Dos Palillos may already be the proud owner of a Michelin star, but it’s a far cry from the pomp and ceremony of elBulli; its dishes will not grace the pages of coffee table books, or art galleries, but only a fool would ignore Raurich’s quiet revolution. Translating as Two Sticks, Dos Palillos combines the cuisines of two cultures famed for eating with wooden sticks: Asia and its chopsticks, Spain with its toothpicks – fusion has found itself a tad of a dirty word in the world of gastronomy, but here it is achieved with the same precision head chef Takeshi Somekawa conjures up in the former elBulli man’s kitchen.
Housed inside Spanish footwear giant Camper’s Casa Camper hotel (there’s a second outpost at the sister hotel in Berlin), Dos Palillos fuses Spanish and Asian cultures in its aesthetic as well as on the plate; fronting up amongst the narrow El Raval streets like a familiar 1950s tapas bar, a moody Japanese-inspired open kitchen cum dining room hides behind a chain curtain.
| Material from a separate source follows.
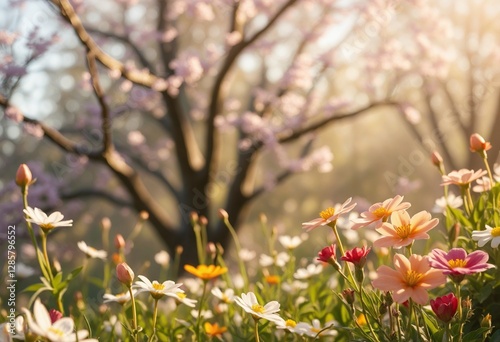 Vivid Spring Awakening: A Lush, Dreamy Landscape of Butterflies and Sunrise Light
Designed by local architect – and owner of hip Passeig de Gràcia design store Vinçon – Fernando Amat, the space consistently teeters on the edge of tastelessness, and knows it. I challenge you to not wear a permanent wry grin when stepping through its doors.
Brimming with humour, but intelligent and honest, Albert Raurich’s quirky reinvention of ‘fusion’ is a subtle triumph.